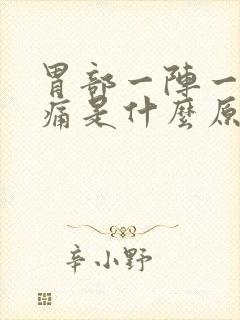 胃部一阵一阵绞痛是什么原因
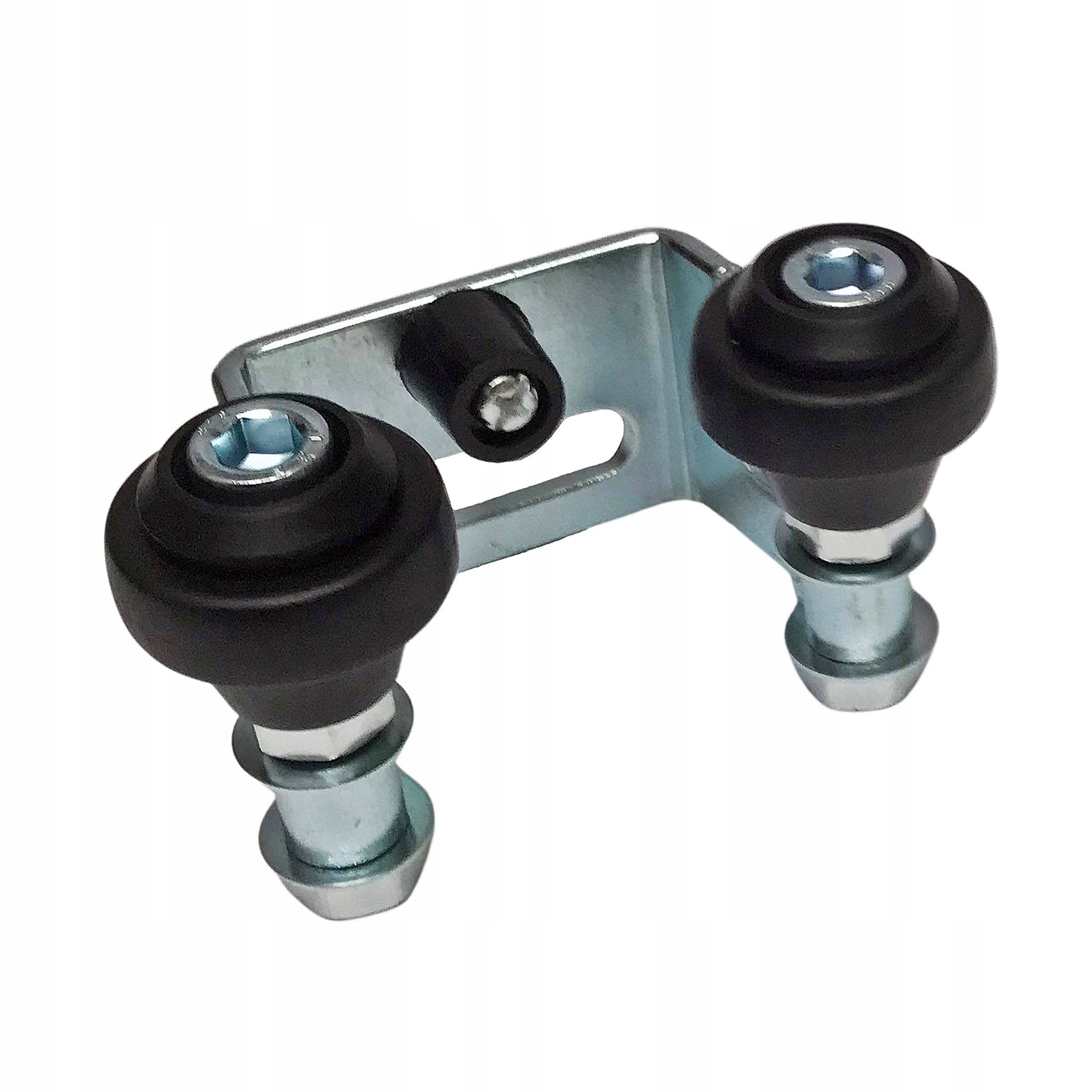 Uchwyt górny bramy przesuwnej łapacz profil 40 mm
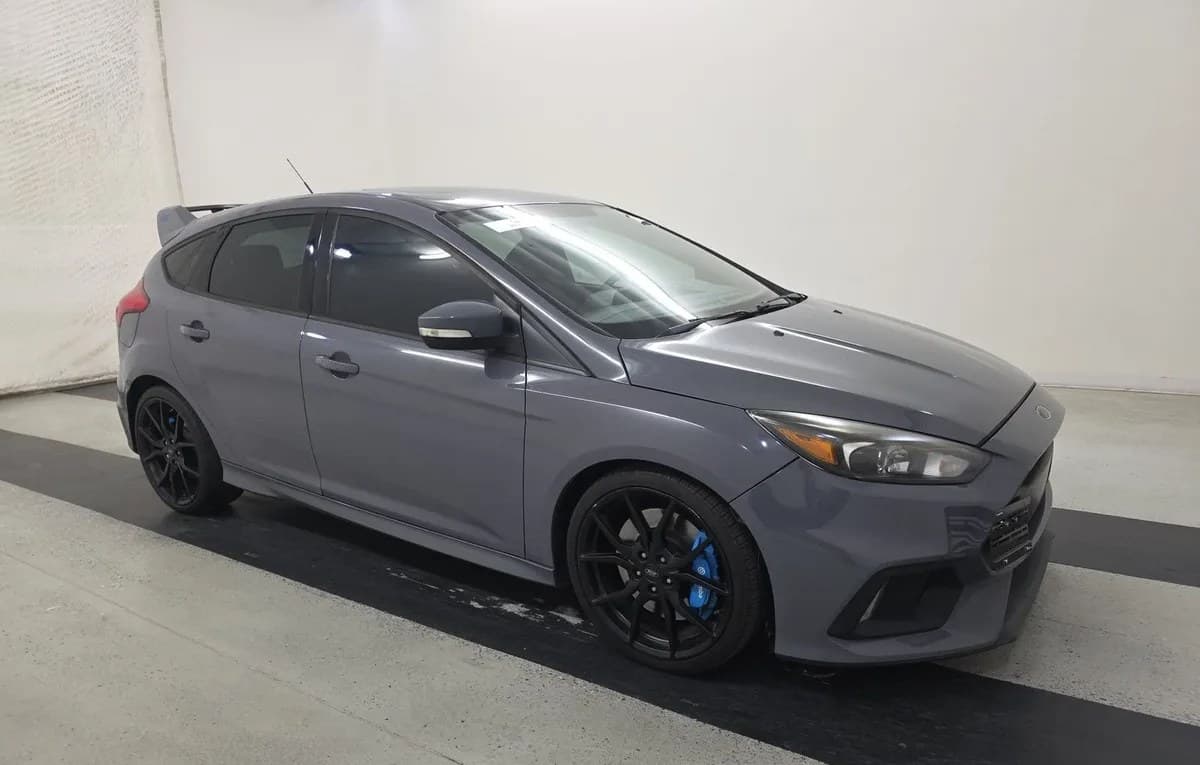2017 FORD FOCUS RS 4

==

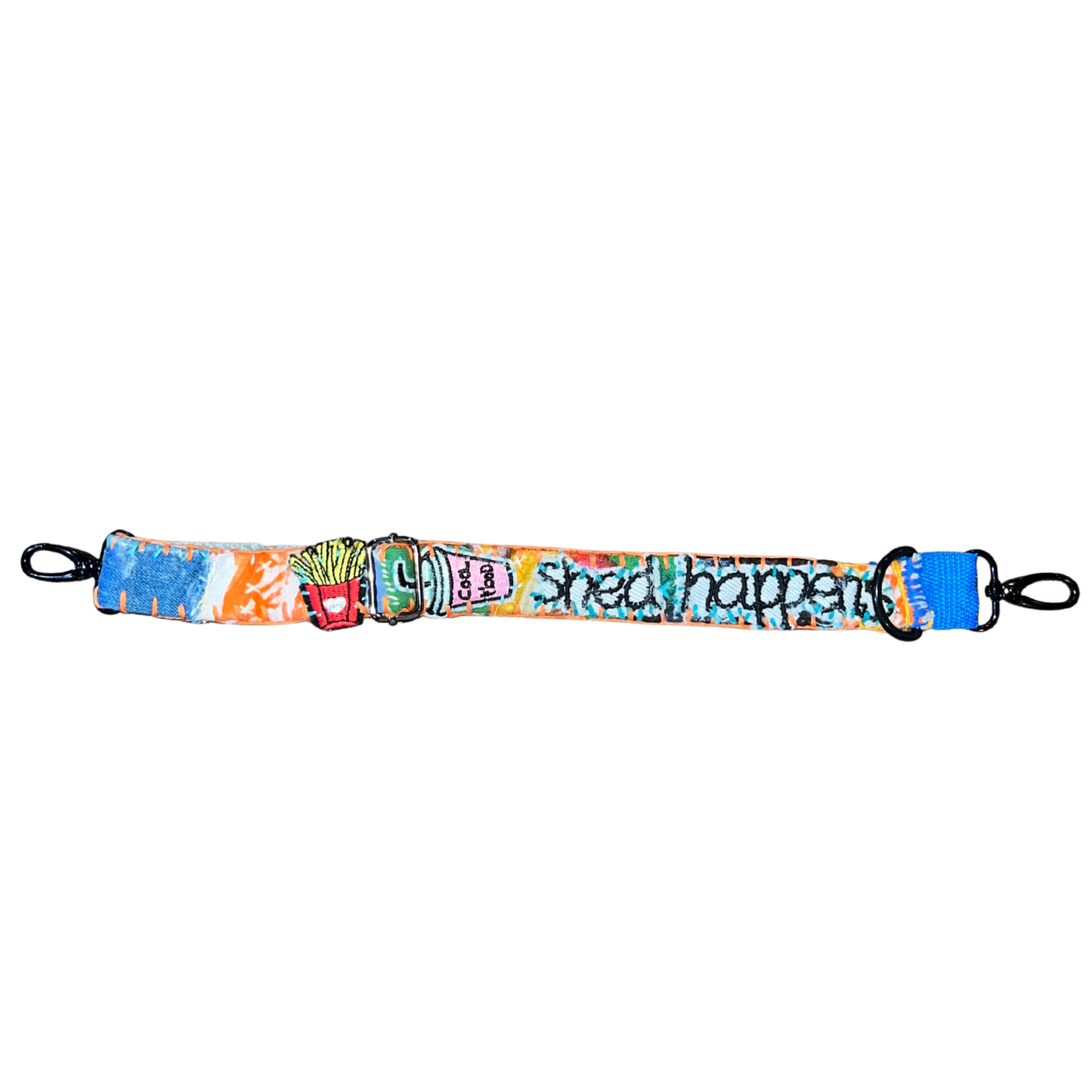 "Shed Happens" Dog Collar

TASK INSTRUCTIONS: Starting with the line above that holds "Uchwyt górny bramy", restate each line word for word up to and including the line that holds "2017 FORD FOCUS RS 4". Drop the pictures.

RESPONSE:
 Uchwyt górny bramy przesuwnej łapacz profil 40 mm
2017 FORD FOCUS RS 4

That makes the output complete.